In den meisten Fällen, etwa bei 85% der Betroffenen, wechseln sich akute Schübe mit beschwerdefreien Phasen ab, die auch über Jahre dauern können (chronisch-rezidivierend). Oft lösen vermehrte körperliche oder psychische Belastungen eine neue Attacke aus. Es gibt aber auch Verlaufsformen, bei denen die Entzündungsreaktionen ständig in wechselnder Ausprägung stattfinden (chronisch-kontinuierlich) oder die plötzlich mit schwersten, lebensbedrohlichen Durchfällen, Krämpfen, Fieber und Schock beginnen (akut-fulminant).
Nicht selten zeigen sich auch Symptome außerhalb des Darmtrakts. Etwa 5% der Betroffenen leiden an schmerzhaften Veränderungen der Haut an den Unterschenkelstreckseiten. Diese präsentieren sich entweder als gerötete, überwärmte, walnussgroße Erhabenheiten (Erythema nodosum) oder als scharf begrenzte Geschwüre (Pyoderma gangraenosum).
Ein Viertel der Patienten leiden unter Schmerzen im Bereich der Knie- und Sprunggelenke, ein Fünftel unter Veränderungen der Leber und Gallenwege. Seltener sind Symptome an den Augen wie Entzündungen der Binde- oder Regenbogenhaut und Nierensteinleiden.
Besteht die Colitis ulcerosa länger und zeigt einen ausgedehnten Befall, erhöht sich das Risiko, an einem Dickdarmkrebs zu erkranken - nach zehn Jahren Krankheitsverlauf um das vier- bis zehnfache im Vergleich zur Normalbevölkerung.

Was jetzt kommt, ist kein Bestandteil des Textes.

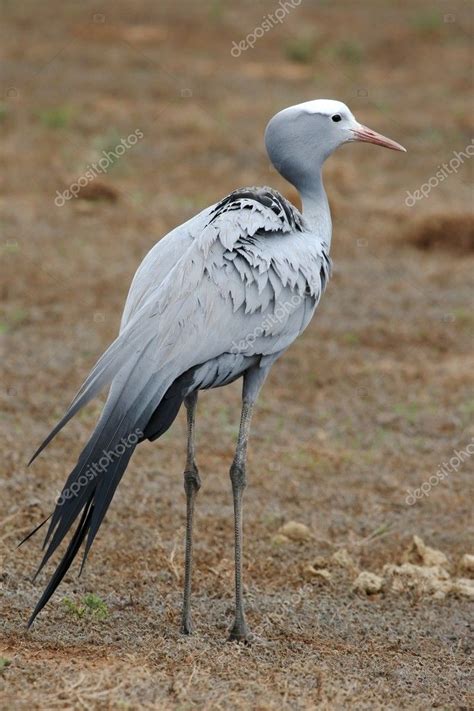 Images: blue crane bird | Blue Crane Bird — Stock Photo © fouroaks #4130354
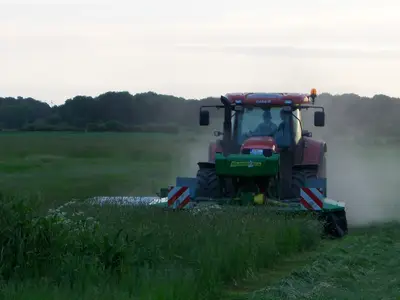Gras mähen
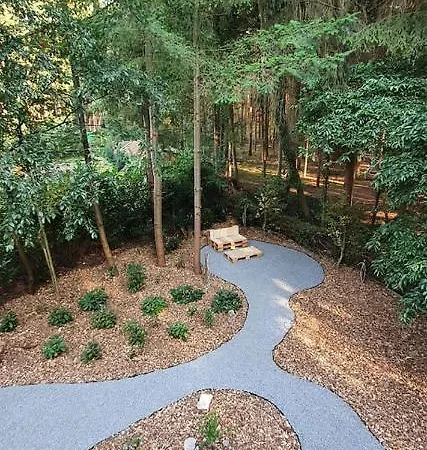 Boshuisje Grenzend Aan Het Bos. Vakantiehuis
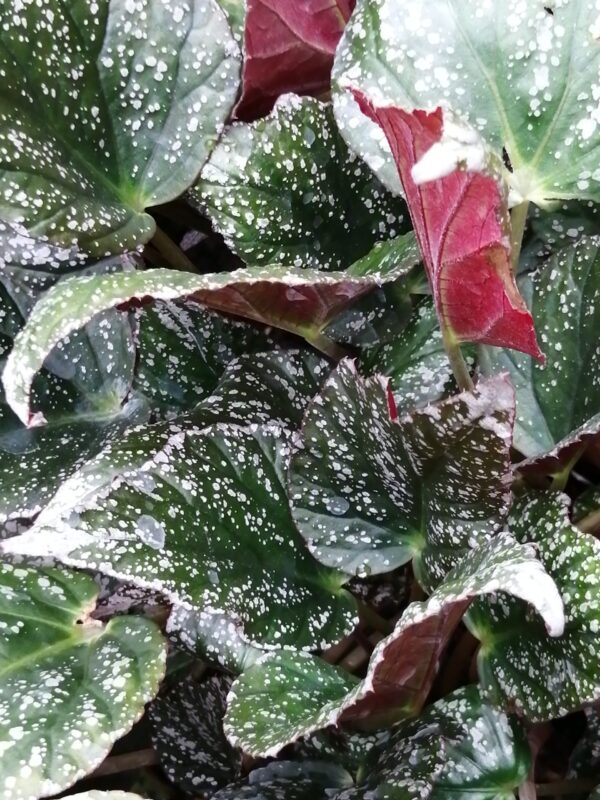 Begonia 'Tea Drop', foto 2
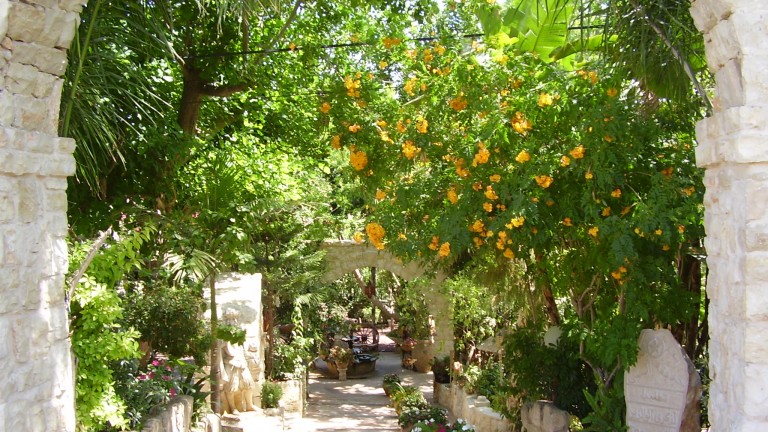  Jardines de El Mona. Vía wikimedia.org.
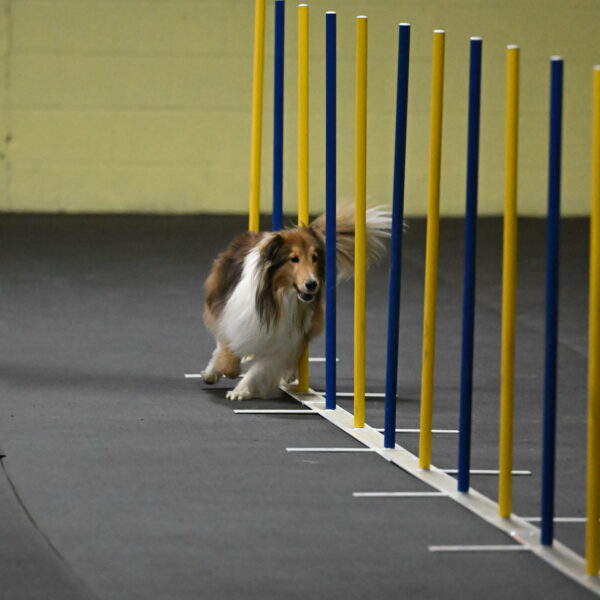 Bailey-Schmauder-01236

Eine lebensbedrohliche, wenn auch seltene Komplikation als Folge einer schweren Entzündungsattacke ist das toxische Megakolon, eine Lähmung der Darmmuskulatur. Dadurch wird der Darminhalt nicht weiterbewegt, der Darm bläht sich und Gifte und Bakterien gelangen in den Blutkreislauf. Es besteht die Gefahr einer Bauchfellentzündung (Peritonitis) und eines Darmdurchbruchs (Perforation).
Wichtigste Untersuchung zur genaueren Abklärung ist die Darmspiegelung (Koloskopie), bei der eine Gewebsprobe entnommen und im Labor und unter dem Mikroskop untersucht wird. Fast immer lässt sich so die Diagnose stellen. Ergänzend werden eine Ultraschalluntersuchung des Bauchraums sowie eine Stuhluntersuchung durchgeführt. So lassen sich auch andere Ursachen wie eine Infektion ausschließen und andere Organveränderungen feststellen.